CLIENTI ONLINE PIÙ “RICCHI” E FREQUENTI
Lo scorso giugno il primo Osservatorio nazionale sul takeaway commissionato da Just Eat a Gfk Eurisko raccontava che nei sei mesi precedenti il 51%degli italiani aveva ordinato cibo da asporto recandosi di persona al ristorante e il 38% lo aveva fatto via telefono. Solo il 2% lo aveva fatto attraverso il pc o lo smartphone, ma questa percentuale è destinata a crescere, visto che almeno 7 milioni di italiani (il 19%del campione) manifestavano una “intention to buy”, ovvero la volontà di ricorrere al servizio. Peraltro, chi fa ordinazioni online tende a farlo 4-5 volte al mese, contro le 1-2 di chi usa metodi “analogici”, e spende molto di più: 97 euro al mese contro 32-37 dei camminatori e dei ‘telefonatori’. Tutto ciò senza considerare le consegne in ufficio, sempre più frequenti (un’opportunità da esplorare, specie se siete in una zona in cui ce ne sono tanti).
ESSERCI O NON ESSERCI
Un problema o un’opportunità per i ristoranti tradizionali? Probabilmente entrambe le cose. Da un lato c’è il rischio di perdere clienti, dall’altro la chance di guadagnarne. Da un lato è un modo per esserci e per farsi conoscere, dall’altro modifica il modo di lavorare. Da un lato necessita uno scatto mentale non da poco, dall’altro permette di aumentare i coperti virtuali, evitando i costi del servizio nel ristorante. Quel che è certo è che, non essendoci in Italia ancora compagnie “fully integrated”, che cioè hanno una cucina propria, gli aggregatori, almeno per ora, devono servirsi dell’opera dei ristoranti tradizionali.

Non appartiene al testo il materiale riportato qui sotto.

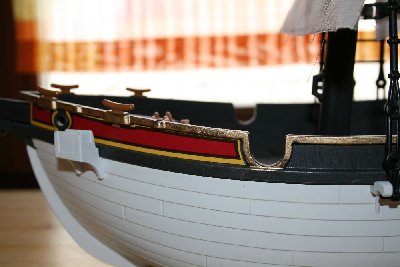 Batch0008.jpg (81.75 KiB) 1694 mal betrachtet eine Goldborte zieht sich um das ganze<br />Schiff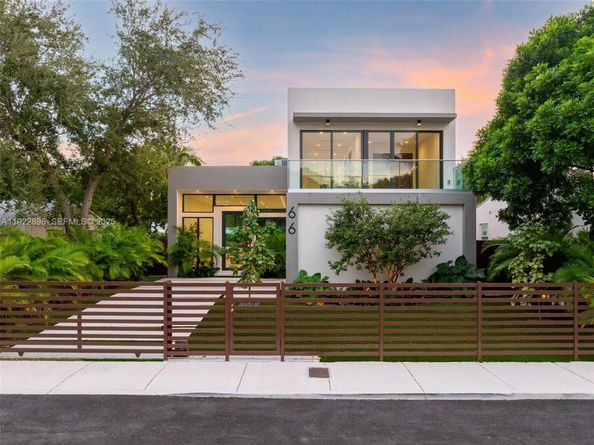 66 NW 50th St, Miami FL 33127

I quali hanno quindi l’opportunità di raggiungere a casa la propria clientela semplicemente pagando una commissione alla app, in genere il 10-15% in caso di “order only”, fino al 30% per gli “order and delivery”. Cifra in genere pagata dal cliente con un supplemento sul conto o dal ristoratore che rinuncia a parte del suo guadagno.
ATTENZIONE AI TEMPI
Certo, i ristoranti che giocano la partita del delivery si trovano davanti nuove sfide come quella della tempistica. Negli Stati Uniti qualcuno è arrivato a investire su una seconda cucina dedicata all’”export”, e alle consegne nel caso in cui debbano occuparsene. Di certo non è una competizione alla portata di tutti. “Per Deliveroo - dice Matteo Sarzana, general manager dell’azienda britannica - la selezione dei ristoranti viene fatta scegliendo di collaborare con quelli di fascia medio-alta che si sposano con il nostro posizionamento. Detto questo, l’unica vera caratteristica che deve avere il ristorante è preparare dell’ottimo cibo; a ottimizzare il menù per il food delivery, a tarare i tempi di preparazione per non disattendere la promessa che viene fatta al cliente finale in termini di orari di consegna pensiamo noi”. Ecco, i tempi. Come essere certi che il pasto arrivi caldo a casa del cliente? “Noi diamo al ristorante - spiega Sarzana - un campione del packaging che raccomandiamo, e sarà poi il ristoratore stesso a scegliere quello che più si presta alla sua tipologia di cibo. Tutti i rider Deliveroo sono dotati di borse termiche e zaini pensati appositamente per il trasporto del cibo e per offrire al cliente finale lo stesso gusto che avrebbe mangiando direttamente al ristorante”.
DALLA PIZZA ALLO STELLATO
Insomma c’è spazio per tutti, perché se un tempo la consegna riguardava soprattutto pizze, sushi e cibo cinese, oggi il panorama si è allargato. “Abbiamo ristoranti che spaziano dall’etnico al classico italiano, dai nuovi trend in fatto di cucina alla pizza e all’hamburger - conferma Sarzana -. Vige, tuttavia, una regola non scritta per gli italiani: si tende a ordinare di più quello che si sa cucinare di meno. Detto questo, abbiamo notato nel corso dei mesi un’impennata di ordini anche per cibi come la pasta. Evidentemente il consumatore finale, una volta capito che si può fidare della qualità, inizia a provare anche cose che in una prima fase non pensava possibile”. “Penso che dopo la fase più tradizionale del fast-food, l’ingresso di ristoranti gourmet, se ben gestito, stimolerà la domanda” ragiona Ester Gazzano, Marketing Lead di Uber.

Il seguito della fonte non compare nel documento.